Officials at the International Monetary Fund and the U.S. House Financial Services Committee clamored for regulation. Earlier on March 14, Google announced it would ban cryptocurrency-related ads. And all this comes after regulators are lining up like the SEC and CFTC to start regulating cryptos.
I can’t say any of this is a surprise. Let’s face it, the regulators were always going to come after cryptocurrencies. I can say, ultimately, this is a good thing for investors.
One of the attractions to digital coins is decentralization. The underlying architecture, blockchain, was designed to that ensure no single entity could exert control.
There is a permanent, digital record of every verified transaction since inception. It cannot be edited. That is a very good thing. In theory, that makes the network trustless.
It is a peer-to-peer network. It is open source. However, anyone can use the open source code to create another digital coin. And therein lies the concern…

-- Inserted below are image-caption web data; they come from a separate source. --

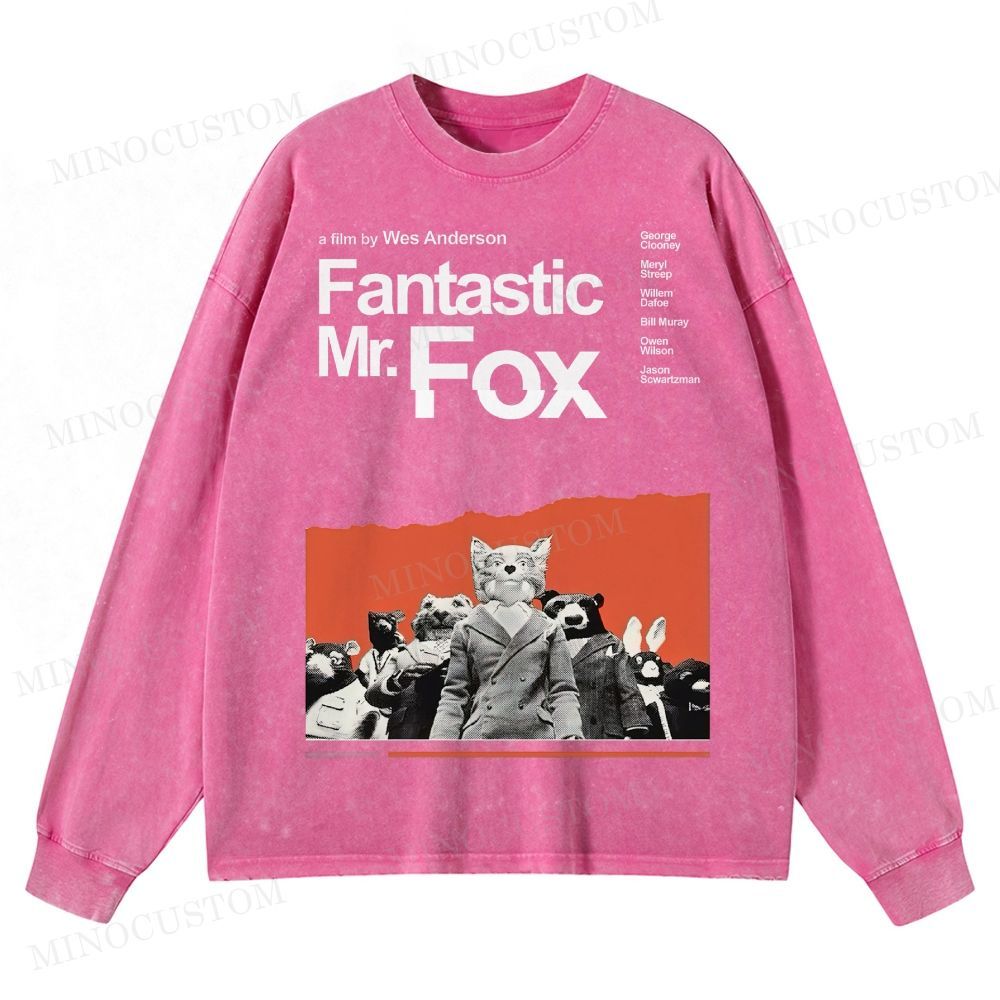 Fantastic Mr. Fox Movie Vintage Animal  Washed Long-Sleeved T-Shirt 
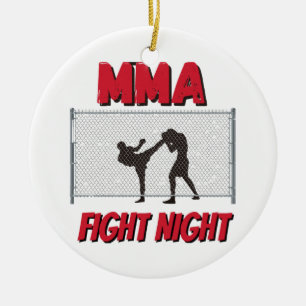 MIXED MARTIAL ARTS Fight Night Text und Silhouette Keramik Ornament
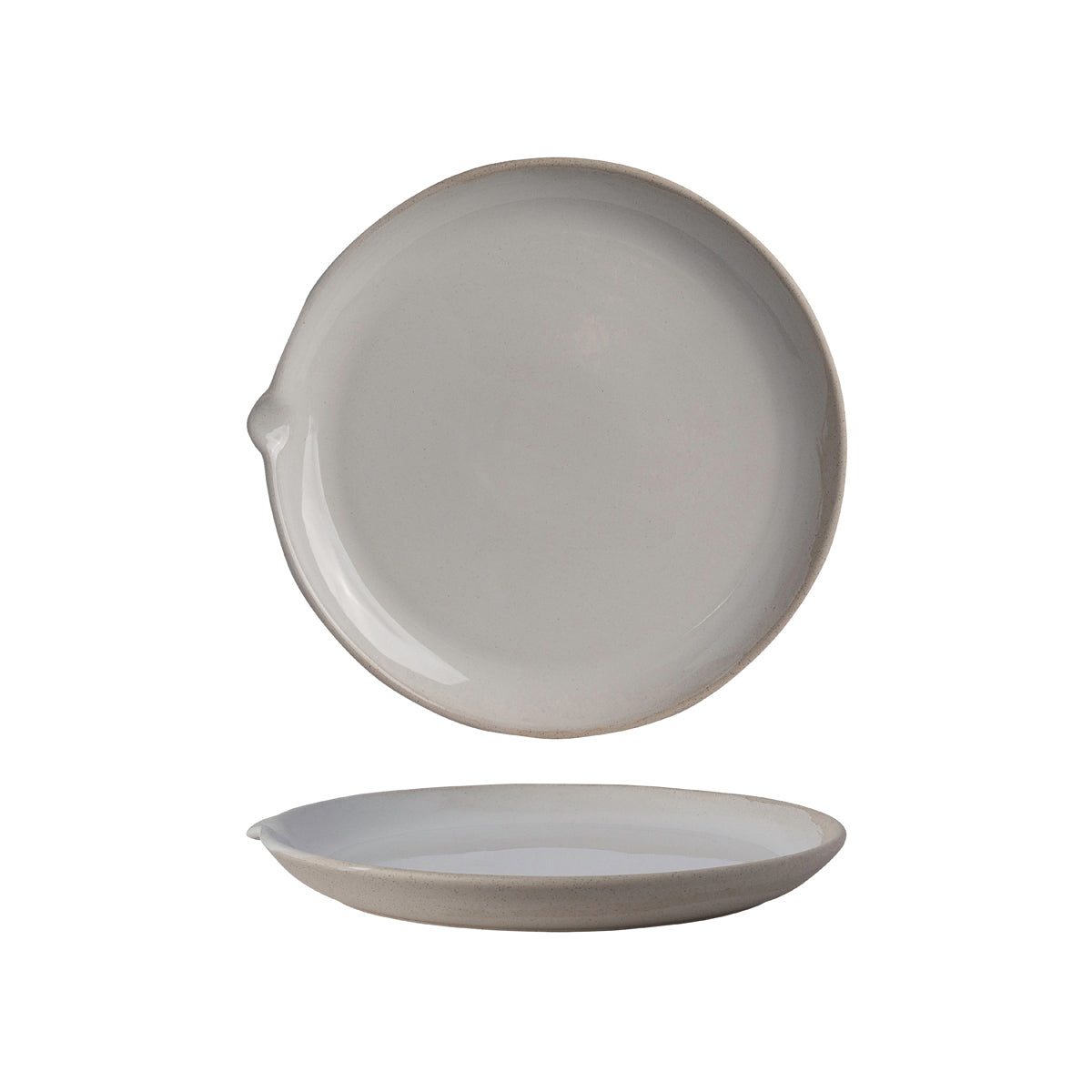 POTTR Gembrook White Round Plate with Spout 263x255mm
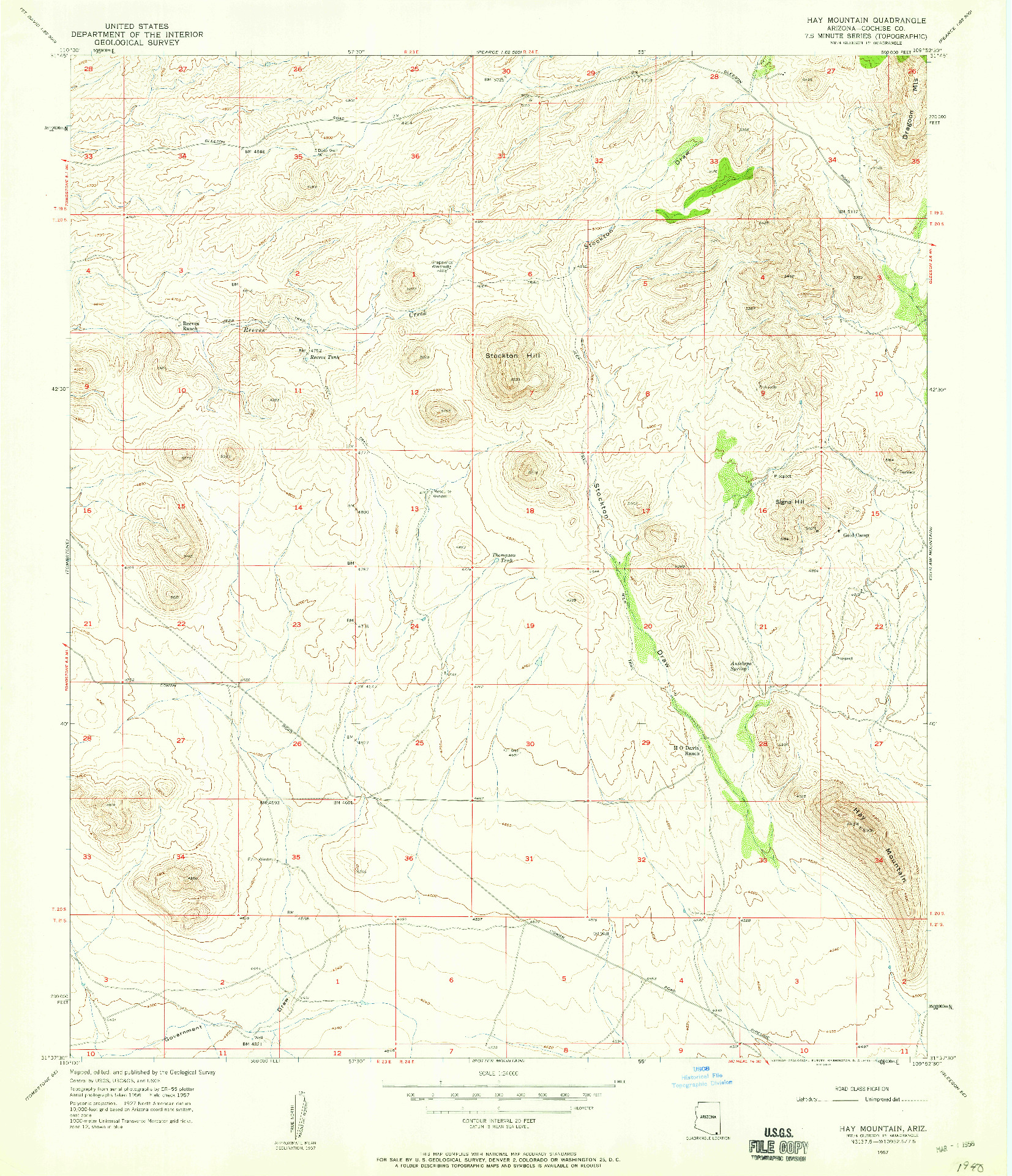 USGS 1:24000-SCALE QUADRANGLE FOR HAY MOUNTAIN, AZ 1957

There are now approximately 1,500 of these alternative coins. Regulators fear that, because they are unregulated and mostly anonymous, promoters are making misleading claims or, worse, engaging in criminal activity.
In “Addressing the Dark Side of the Crypto World,” IMF officials argue that decentralization and anonymity help criminals use cryptocurrency for money laundering and other nefarious acts. The only remedy, according to the IMF, is regulatory and supervisory technology.
On March 14, Rep. Bill Huizenga (R-Mich.) sounded a similar note. Normally a deregulation hawk, Huizenga told the subcommittee that Congress should act to protect crypto investors.
Rep. Brad Sherman (D-Calif.) was even more aggressive. He told the panel “cryptocurrencies are a crock,” according to a report from NBC News.
I would not go that far. They are not a crock.
But investors should be able to see where all of this is going. The powers-that-be are going to regulate cryptocurrencies. They are going to treat them as speculative investments. That means issuers, and the mechanisms where they are exchanged, will come under government scrutiny.
They will have to be vetted. They will have to make disclosures. They will have to file conflicts of interest with regulators. And they may have to do all of this retroactively.
Crypto speculators don’t want to hear this; that probably means many will disappear.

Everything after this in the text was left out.